Give again only what runs from the line with "2896 Sickle Rd, Bath, PA 18014" to the final line of the entries below, exactly as written and without pictures.

• Source data:
◇ ◇ ◇

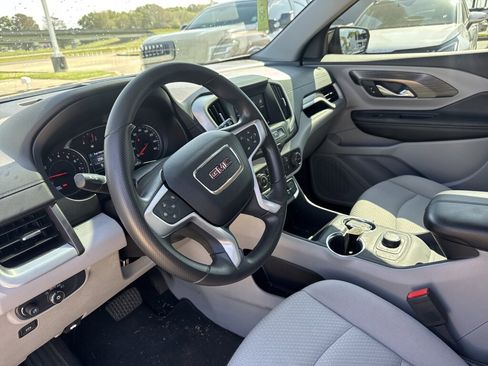 Used 2024 GMC Terrain SLE w/ LPO, Floor Liner Package image 22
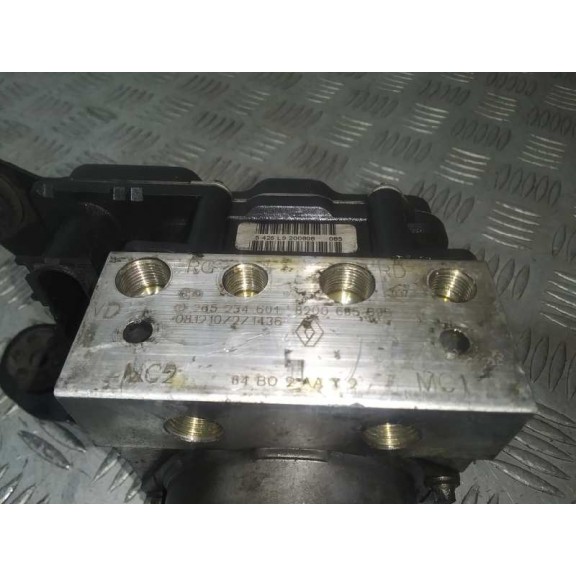 Recambio de abs para renault megane ii classic berlina confort dynamique referencia OEM IAM 8200685699  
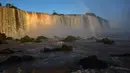 <p>Air terjun tertinggi di Iguazu Falls bernama Devil&rsquo;s Throat atau Tenggorokan Iblis. Air terjun ini memiliki tinggi sekitar 80 meter. (Mariana SUAREZ / AFP)</p>
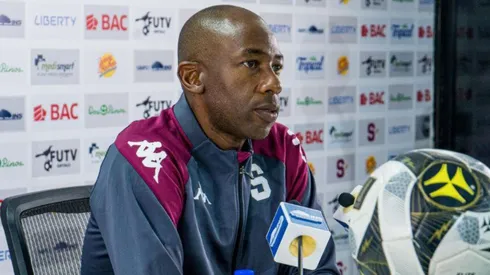 El técnico morado le habló a sus jugadores.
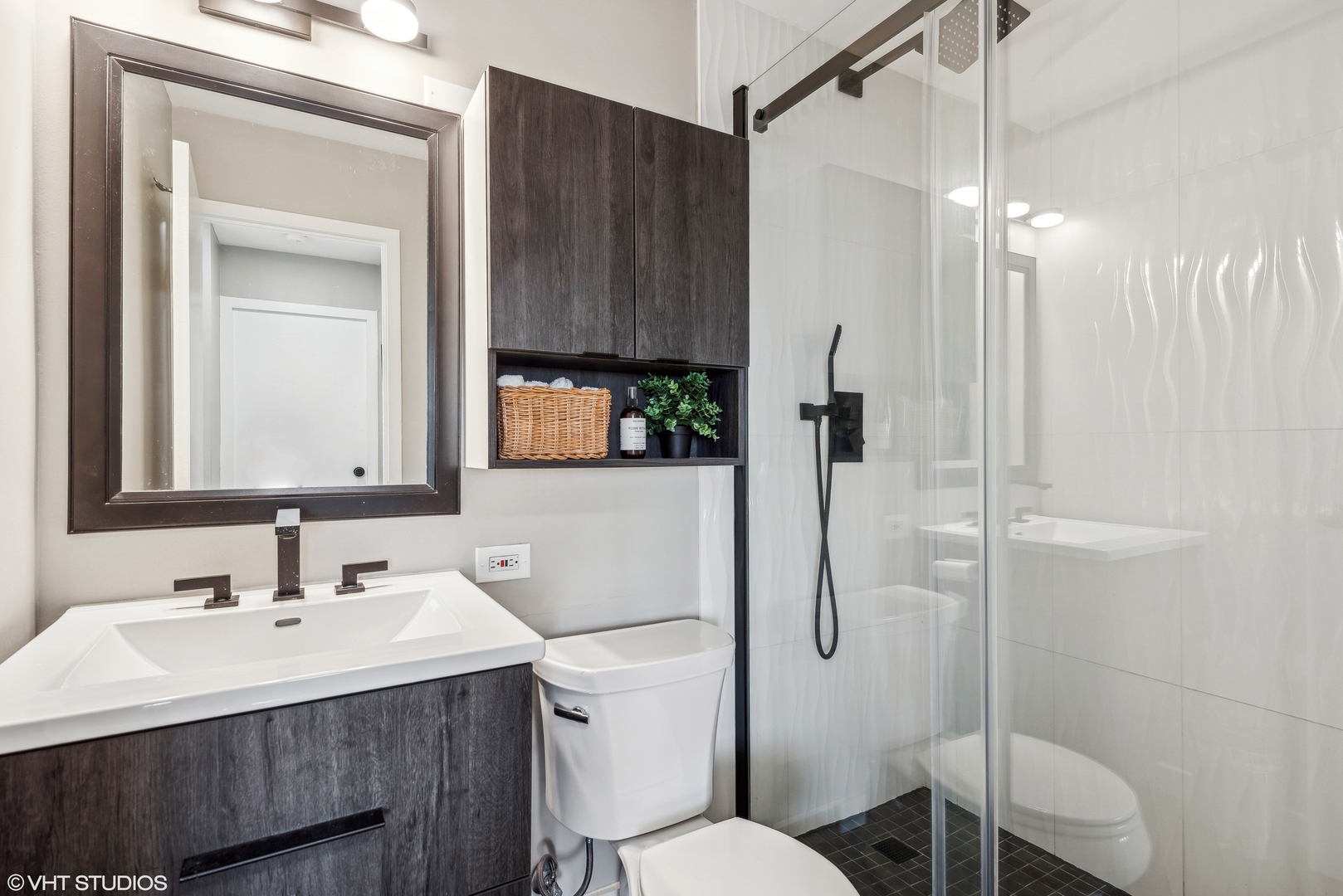 3550 N Lake Shore Drive Unit: 2504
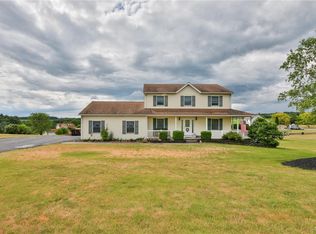 2896 Sickle Rd, Bath, PA 18014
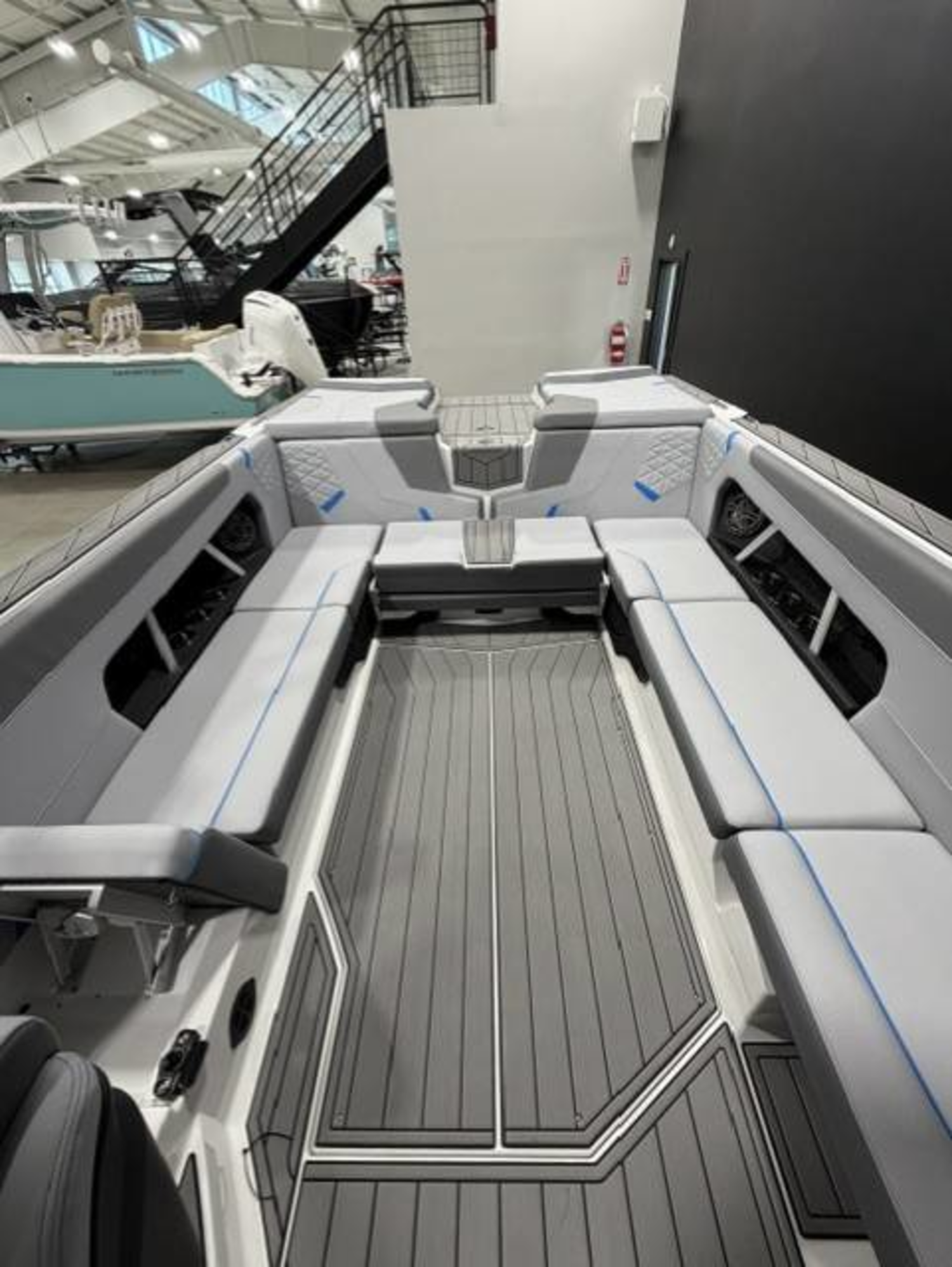 2027 Nautique GS24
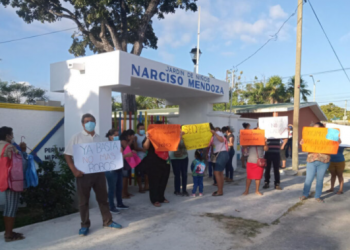 Padres de familia se manifiestan ante la ola de robos en escuelas de Chetumal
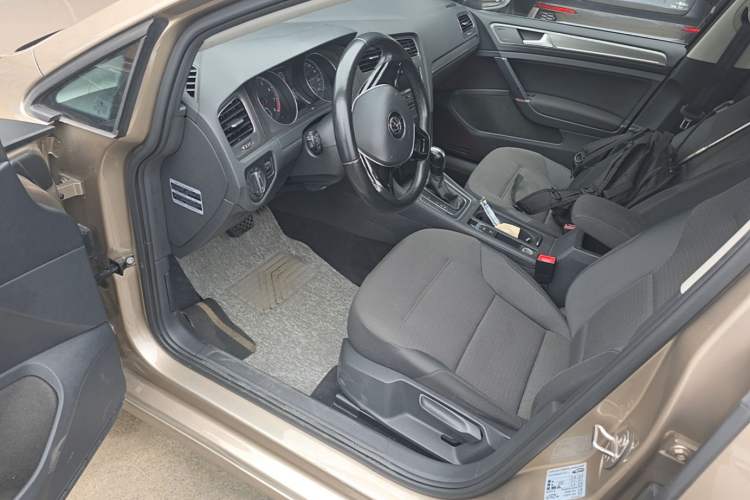 Used Volkswagen Golf 2015 1.4TSI Automatic Comfort Model Left Front Seat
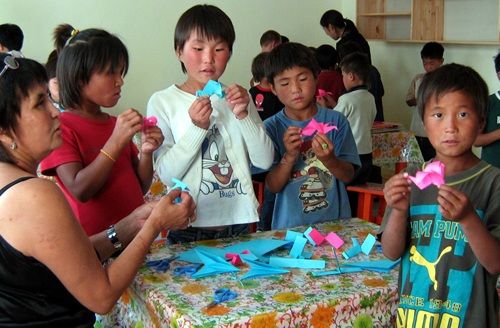În Mongolia, creșterea explozivă a numărului de nașteri a determinat o aglomerare a grădinițelor.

◇ ◇ ◇

• YOUR RESPONSE:
 2896 Sickle Rd, Bath, PA 18014
 2027 Nautique GS24
 Padres de familia se manifiestan ante la ola de robos en escuelas de Chetumal
 Used Volkswagen Golf 2015 1.4TSI Automatic Comfort Model Left Front Seat
În Mongolia, creșterea explozivă a numărului de nașteri a determinat o aglomerare a grădinițelor.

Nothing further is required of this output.